Ontario’s energy regulator wants to know whether you’d like to see changes in the rules governing energy retailers.
But give yourself a little time if you want to state your views.
The Ontario Energy Board has developed a 14-page “workbook” for consumers to fill in if they want to be heard.
The workbook will remain accessible on the energy board website until Nov. 11.
The Energy Consumer Protection Act, which came into effect in 2011, was passed to curb aggressive energy retailers selling long-term, fixed-price contracts for natural gas and electricity.
Abuses were commonplace. Some salespeople misled customers to think they were still dealing with their local utility companies.
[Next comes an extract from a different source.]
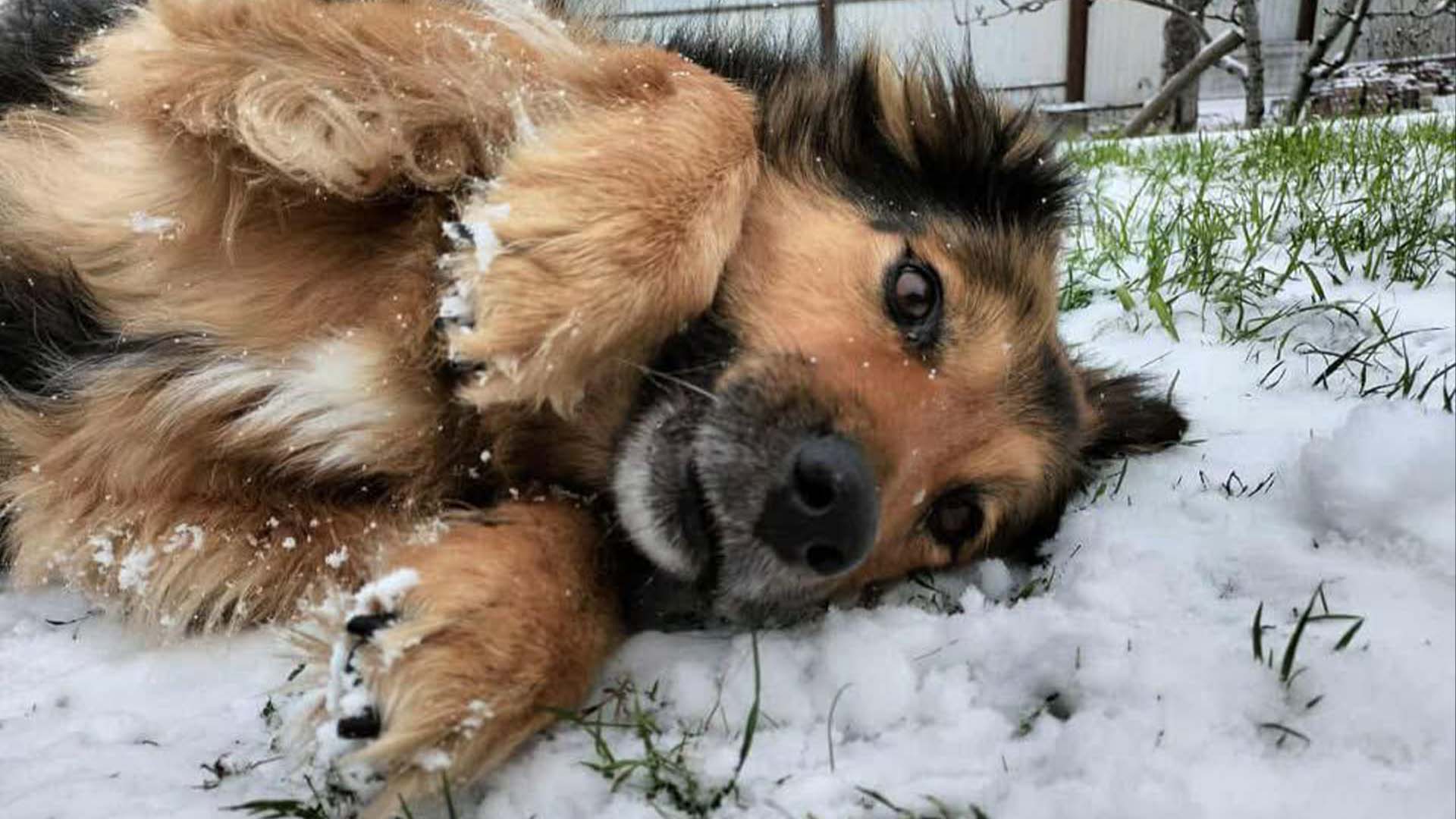 Собака Джессі на снігу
Others gave consumers poor information about energy prices and the terms of the contracts they were signing.
Some simply signed up customers without their consent by forging signatures.
The new rules were designed to curb the abuses, requiring energy retailers to give customers price comparison information and to make follow-up calls to verify that customers had agreed to the contracts reported by the sales staff.
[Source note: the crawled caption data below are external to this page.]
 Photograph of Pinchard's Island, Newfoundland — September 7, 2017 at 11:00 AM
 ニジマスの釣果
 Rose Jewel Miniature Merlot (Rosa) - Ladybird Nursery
Complaints have dropped, though they have not vanished, since the act came into force.
The energy board says it received 6,616 complaints about retailers and marketers in 2010-2011; that number dropped to 2,275 in 2013-2014. It’s now reviewing whether rules need changing.
About 10 per cent of residential and small-business natural gas customers currently have contracts with retailers. For electricity, that figure is 6 per cent.
The energy board’s Karim Karsan said in an interview that door-to-door contract sellers still generate the most complaints about retail contracts.
In addition to the workbook, the energy board will gather consumer views through telephone surveys and focus groups, Karsan said. It will also review the complaint data gathered over the years.
The energy board will report to the minister of energy on any recommended rule changes by the end of the year.